Gimmy: 大家好, 我係 Gimmy。(daai6 gaa1 hou2, ngo5 hai6 Gimmy.)
David: And we’re here today with Beginner Season 1, Lesson 22.
Gimmy: Leaving Hong Kong.
David: Right. And if you live and work in Hong Kong, it’s really common for people to just leave the island for the weekend.
Gimmy: It’s so convenient.
David: Yeah.
Gimmy: There’s so many places to go.
David: You’ve got Thailand, you’ve the Philippines, you’ve got Bali. It’s really common.
Gimmy: Nice. Yeah.
David: So our dialogue today takes place between two friends and they’re talking with another friend who’s taking the weekend somewhere else.
Gimmy: This is casual Cantonese as spoken in Hong Kong.
David: Let’s listen.

Lesson conversation

A: 佢聽日飛呀? (keoi5 ting1 jat6 fei1 aa4?)
B: 係啩,唔知呀。 (hai6 gwaa3, m4 zi1 aa3.)
A: 飛邊度呀? (fei1 bin1 dou6 aa3?)
B: 我估泰國啩。(ngo5 gu2 taai3 gwok3 gwaa3.)
David: One more time, a bit slower.
A: 佢聽日飛呀? (keoi5 ting1 jat6 fei1 aa4?)
B: 係啩,唔知呀。 (hai6 gwaa3, m4 zi1 aa3.)
A: 飛邊度呀? (fei1 bin1 dou6 aa3?)
B: 我估泰國啩。(ngo5 gu2 taai3 gwok3 gwaa3.)
David: And now, with the English translation.
A: 佢聽日飛呀? (keoi5 ting1 jat6 fei1 aa4?)
A: Is he flying tomorrow?
B: 係啩,唔知呀。 (hai6 gwaa3, m4 zi1 aa3.)
B: Maybe, I don't know.
A: 飛邊度呀? (fei1 bin1 dou6 aa3?)
A: Where is he flying to?
B: 我估泰國啩。
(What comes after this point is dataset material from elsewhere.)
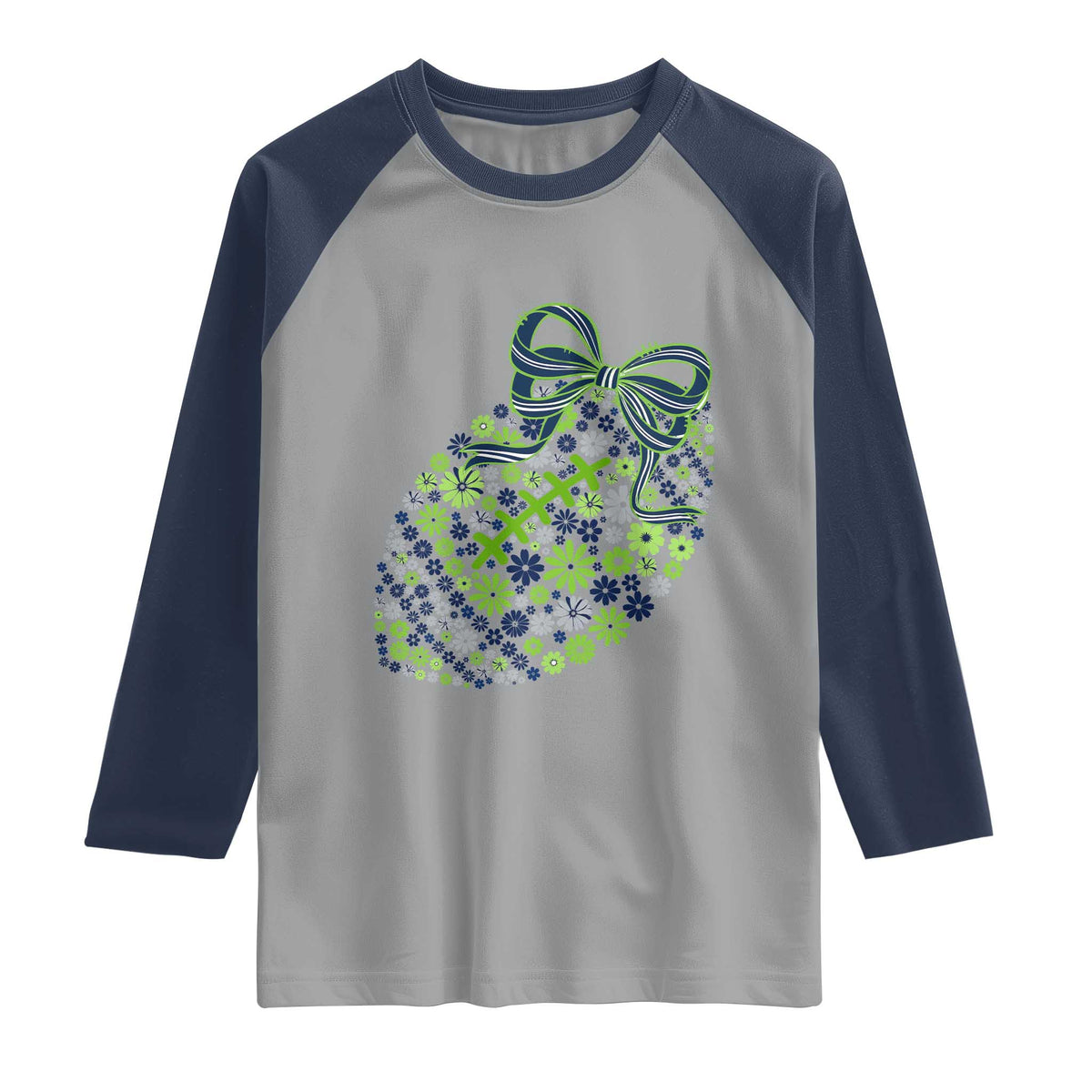 Floral Football With Bow Green And Blue Raglan Shirt Game Day Sports Fan TS12 Sport Gray Navy Print Your Wear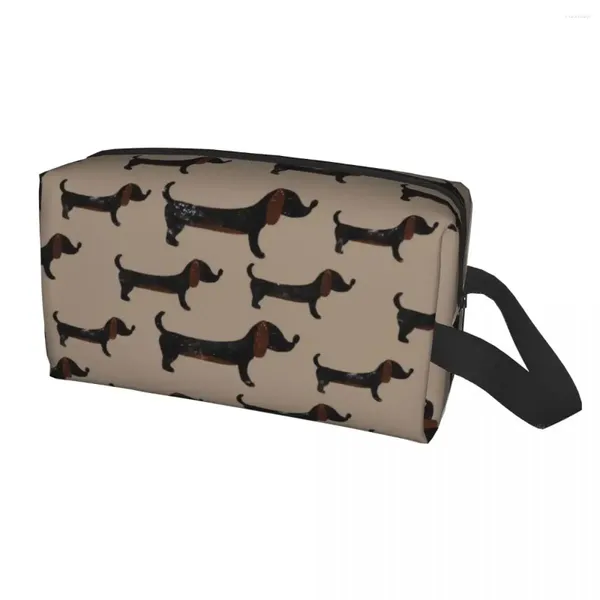 Bolsas de cosméticos personalizadas para amantes de los perros, bolsa de aseo para mujer, organizador de maquillaje de perro salchicha, caja de Kit Dopp de almacenamiento de belleza para mujer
(ngo5 gu2 taai3 gwok3 gwaa3.)
B: I guess maybe Thailand?
POST CONVERSATION BANTER
David: Because they have really nice beaches in Thailand.
Gimmy: Nice food, nice massages too.
David: Well, Hong Kong, you’ve got the food, you’ve got the massages, but we’re still working on the beaches. You got to give us a bit of time.
Gimmy: Yes.
David: Anyway, our vocab section today is partly review and partly new. Let’s get to it.
VOCAB LIST
Gimmy: 聽日 (ting1 jit6) [natural native speed].
David: Tomorrow.
Gimmy: 聽日 (ting1 jit6) [slowly - broken down by syllable]. 聽日 (ting1 jit6) [natural native speed].
Gimmy: 今日 (gam1 jat6) [natural native speed].
David: Today.
Gimmy: 今日 (gam1 jat6) [slowly - broken down by syllable]. 今日 (gam1 jat6) [natural native speed].
Gimmy: 尋日 (cam4 jat6) [natural native speed].
David: Yesterday.
Gimmy: 尋日 (cam4 jat6) [slowly - broken down by syllable]. 尋日 (cam4 jat6) [natural native speed].
Gimmy: 飛 (fei1) [natural native speed].
David: To fly.
Gimmy: 飛 (fei1) [slowly - broken down by syllable]. 飛 (fei1) [natural native speed].
Gimmy: 唔知 (m4 zi1) [natural native speed].
David: Not to know.
Gimmy: 唔知 (m4 zi1) [slowly - broken down by syllable]. 唔知 (m4 zi1) [natural native speed].
Gimmy: 邊度 (bin1 dou6) [natural native speed]
David: Where.
Gimmy: 邊度 (bin1 dou6) [slowly - broken down by syllable]. 邊度 (bin1 dou6) [natural native speed].
Gimmy: 估 (gu2) [natural native speed].
David: To guess.
Gimmy: 估 (gu2) [slowly - broken down by syllable]. 估 (gu2) [natural native speed].
Gimmy: 泰國 (taai3 gwok3) [natural native speed].
David: Thailand.
Gimmy: 泰國 (taai3 gwok3) [slowly - broken down by syllable]. 泰國 (taai3 gwok3) [natural native speed].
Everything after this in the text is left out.